Bioperl: Start of alignment debate...

Fri, 22 Jan 1999 12:01:06 -0600

A couple of thoughts on the alignment discussion (and referring to Ewan's 
overview http://bio.perl.org/Projects/SeqAlign/overview.html),

1) the object should be in able to handle both pairwise alignments and 
multiple alignments seamlessly (I think this is part of the Ewans overview, 
but it is not stated explicitly).

2) many multiple alignments are associated with an evolutionary or other 
tree structure, and the scoring of the alignment cannot be understood 
without reference to this tree.  It is therefore important that the 
alignment object be able to represent a hierarchical view of multiple 
sequence set.  In some cases this may be rooted in others not.  Hierarchies 
can be handled as alignment of alignments, but it is important to retain 
things like edge lengths.

3) not all alignments are equally confident at all locations.  The 
alignment object should be able to represent confidence measures both 
pairwise and multiple alignments.

4) the alignment object should be able to output a normalized 
representation of the alignment, even if the alignment itself is composed 
of one or more alignment objects in addition to sequence data, and 
independent of whatever internal data representation is used.

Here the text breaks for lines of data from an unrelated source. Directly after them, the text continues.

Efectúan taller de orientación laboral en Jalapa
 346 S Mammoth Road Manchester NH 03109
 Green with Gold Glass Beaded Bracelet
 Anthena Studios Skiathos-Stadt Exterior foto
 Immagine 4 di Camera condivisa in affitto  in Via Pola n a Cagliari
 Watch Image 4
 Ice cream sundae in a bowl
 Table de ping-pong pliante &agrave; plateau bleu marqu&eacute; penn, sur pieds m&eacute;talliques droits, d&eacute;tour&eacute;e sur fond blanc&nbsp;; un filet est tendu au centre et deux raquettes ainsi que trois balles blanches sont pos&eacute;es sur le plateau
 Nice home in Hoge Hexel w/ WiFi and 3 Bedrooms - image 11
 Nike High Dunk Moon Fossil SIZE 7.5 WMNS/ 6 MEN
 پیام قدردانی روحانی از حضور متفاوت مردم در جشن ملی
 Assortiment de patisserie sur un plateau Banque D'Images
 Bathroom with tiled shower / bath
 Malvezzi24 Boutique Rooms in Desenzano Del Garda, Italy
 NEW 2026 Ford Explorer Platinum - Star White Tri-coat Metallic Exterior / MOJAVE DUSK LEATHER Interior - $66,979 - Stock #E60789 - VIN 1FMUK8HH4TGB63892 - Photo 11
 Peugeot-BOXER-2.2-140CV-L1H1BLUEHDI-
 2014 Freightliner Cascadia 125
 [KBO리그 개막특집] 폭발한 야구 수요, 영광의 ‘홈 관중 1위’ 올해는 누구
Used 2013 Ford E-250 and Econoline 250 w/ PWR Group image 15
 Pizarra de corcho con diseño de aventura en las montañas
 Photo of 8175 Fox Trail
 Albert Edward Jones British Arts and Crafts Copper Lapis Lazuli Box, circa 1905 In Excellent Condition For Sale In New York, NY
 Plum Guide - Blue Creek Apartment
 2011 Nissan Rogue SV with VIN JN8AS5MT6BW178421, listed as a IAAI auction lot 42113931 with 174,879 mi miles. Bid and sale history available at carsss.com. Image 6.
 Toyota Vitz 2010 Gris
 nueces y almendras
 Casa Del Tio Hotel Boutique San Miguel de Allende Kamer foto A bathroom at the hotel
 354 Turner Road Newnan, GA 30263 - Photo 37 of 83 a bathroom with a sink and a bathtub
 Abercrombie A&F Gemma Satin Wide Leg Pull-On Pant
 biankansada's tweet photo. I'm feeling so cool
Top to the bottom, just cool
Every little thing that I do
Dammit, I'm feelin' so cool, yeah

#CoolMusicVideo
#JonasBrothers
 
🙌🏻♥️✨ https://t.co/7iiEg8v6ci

5) Ewan includes the goal "Alignments must be able to handle more than one 
residue aligned to (potentially more than one residue) in another 
sequence".  If this means simply that a region in one sequence is aligned 
to a region in another sequence, OK.  But if you mean a dotplot, that seems 
to me to be a different object altogether.  One of the fundamental uses of 
alignment is to map from one sequence to another, and a dotplot does not 
allow you to do this without first extracting an alignment.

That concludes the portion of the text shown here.